Libraries operate as public forums, meaning that they enjoy the protections of the First Amendment. While this might put them in a slightly better position than school libraries at opposing book restrictions, public libraries face an entirely different beast: funding deficits.

Across the nation, libraries are enduring threats to their budgets and even eviction notices from local governments. In Jamestown, Mich., the Patmos Public Library had 84 percent of their annual budget cut due to parents accusations of promoting LGBTQ+ ideology through certain available books. Libraries are underfunded as it is, which allows these threats to put them at the mercy of local political agendas.

So why should you care? Libraries offer more to the community than you might think. They provide free Internet and computer access, which today is a necessity that is taken for granted. For underprivileged people who may not have consistent Internet access, this is a crucial benefit. Furthermore, public libraries act as a safe haven to those who might not live under stable home conditions.
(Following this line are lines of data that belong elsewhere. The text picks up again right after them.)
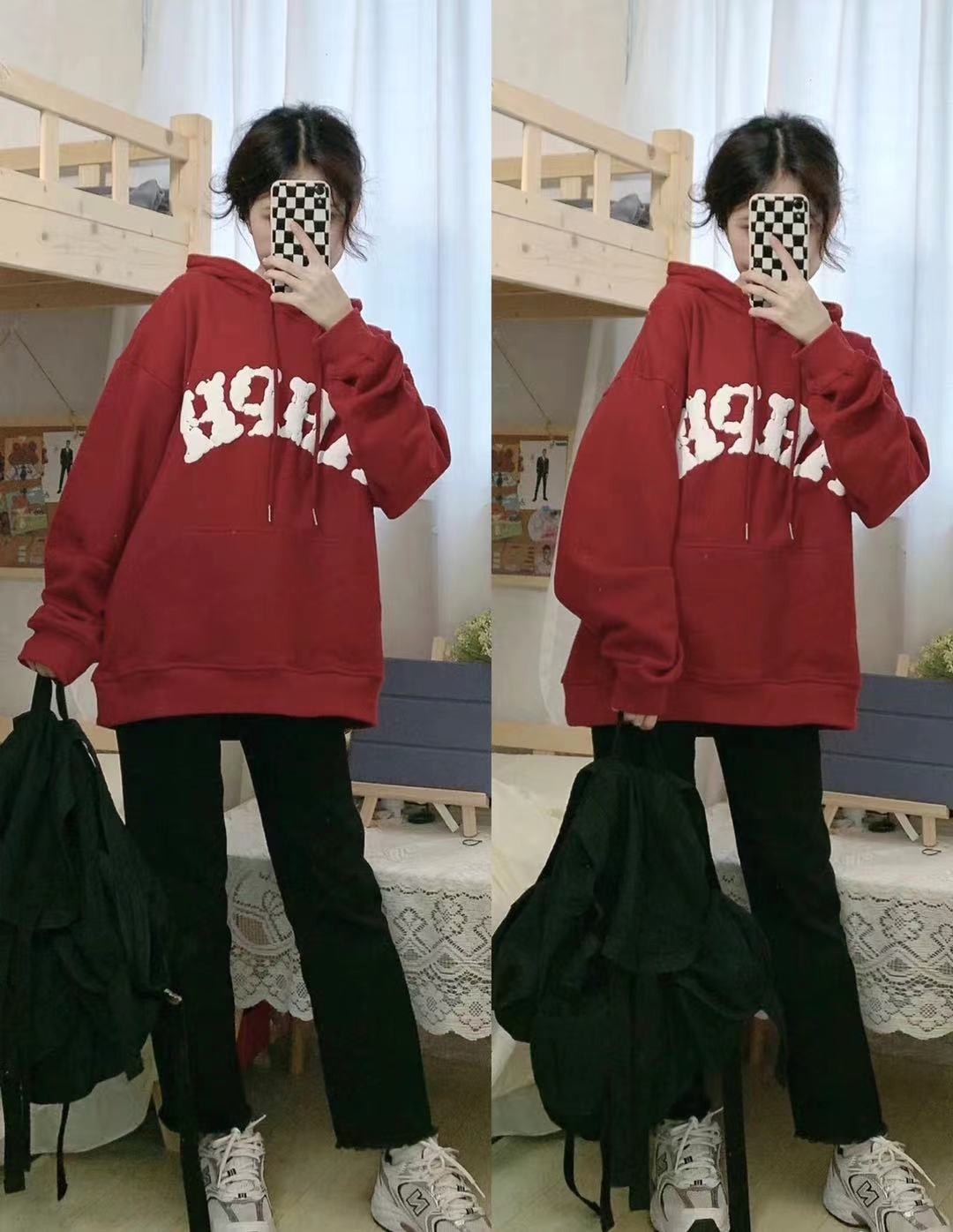 毛衣 小个子秋日穿搭:身高1米5也能穿得可爱精致yb!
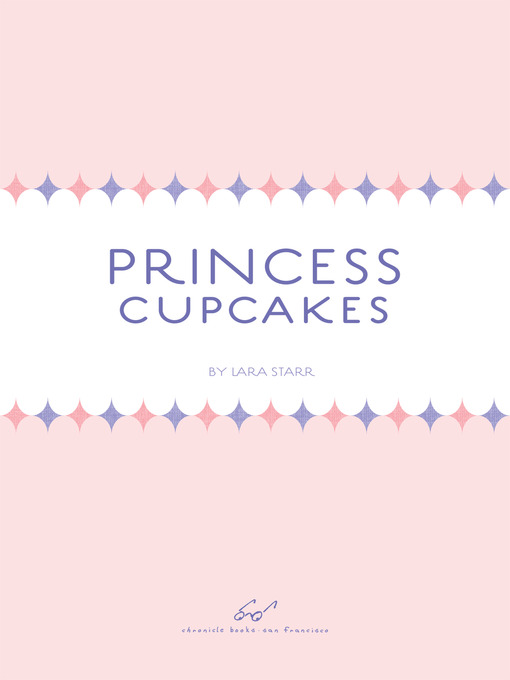 Princess Cupcakes Booklet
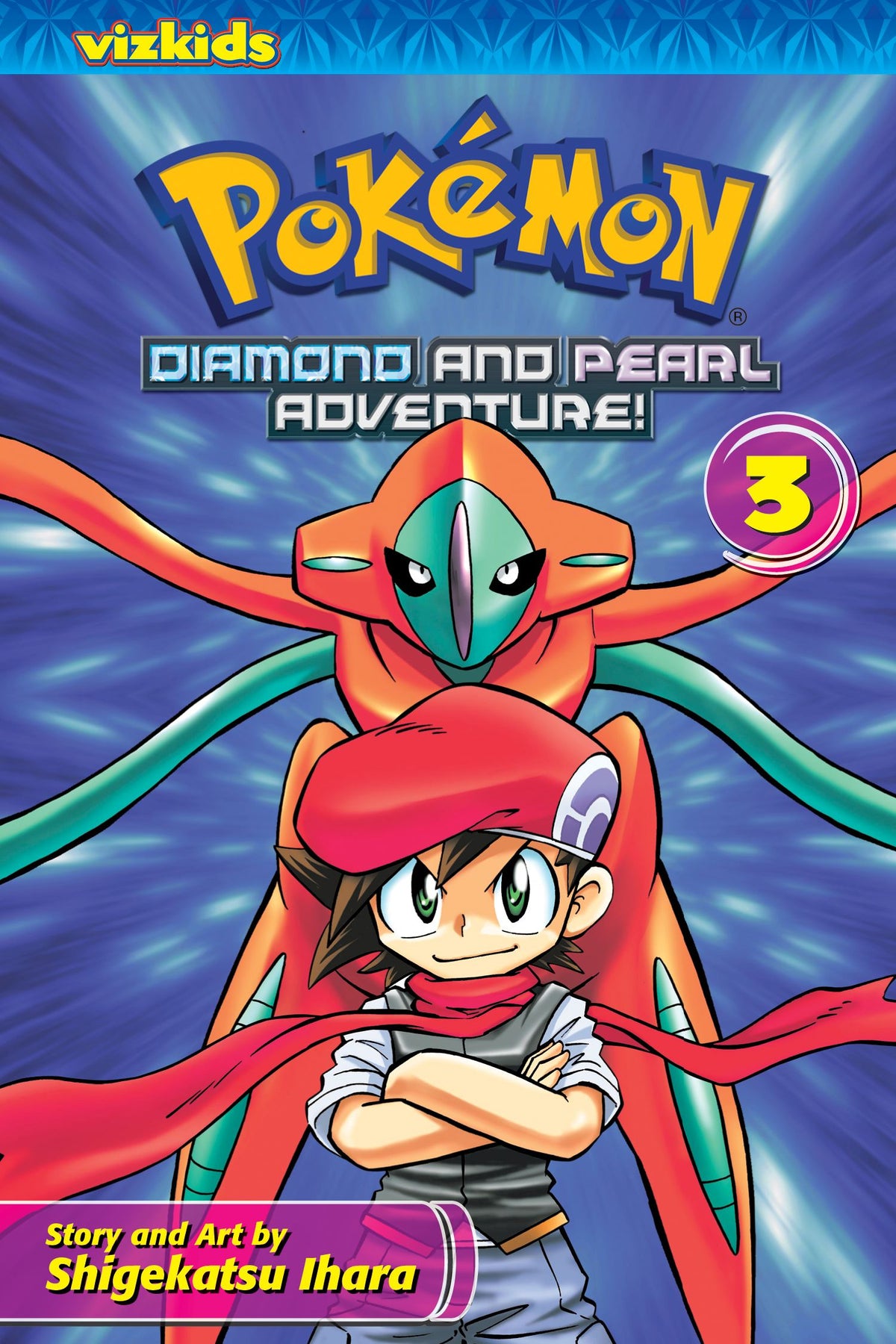 Pokemon Diamond And Pearl Adventure Volume 3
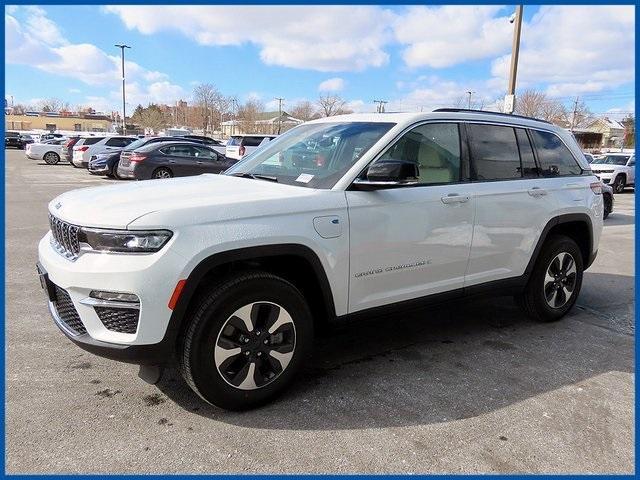 used 2024 Jeep Grand Cherokee 4xe car, priced at $52,830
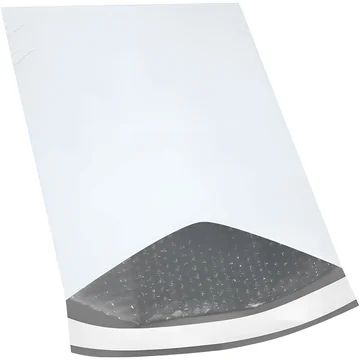 White Self-Seal Padded Mailers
They offer a quiet environment for those looking to study, work or simply enjoy themselves. Libraries also have various children’s programs that help foster creativity and education. All in all, they are a sustaining force for local communities and allow them to prosper. Drastic budget cuts, therefore, are an actively harmful force.

As election season ramps up, these threats will simply increase to fuel American political theater. It is our job to support and protect local libraries. One way to do this is to obtain a library card, which is free and incredibly easy. This allows libraries to report a greater number of patrons which translates into increased state funding. Even if you never wish to step foot into a library again, this simple process goes a long way to help preserve a lifeline within your community for others. You can also write to your legislators and address your concern for the necessity of public libraries.

Efforts to block and censor certain information in a space that is dedicated to knowledge should be concerning for everyone. The opinions of a few angry parents should not dictate what citizens can or cannot read, especially in a public forum like a library. Ironically, the very thing that staunch proponents of these restrictions are doing to “protect” children is actually harming them. Libraries promote literacy, imagination, culture, and knowledge. Moreover, exposure to a vast array of viewpoints enables critical thinking and open-mindedness.

Nicolle Davies, the assistant commissioner of the Colorado State Library, said, “There is a motto in public libraries that says, ‘If you have a good collection, there should be something to offend everyone.’”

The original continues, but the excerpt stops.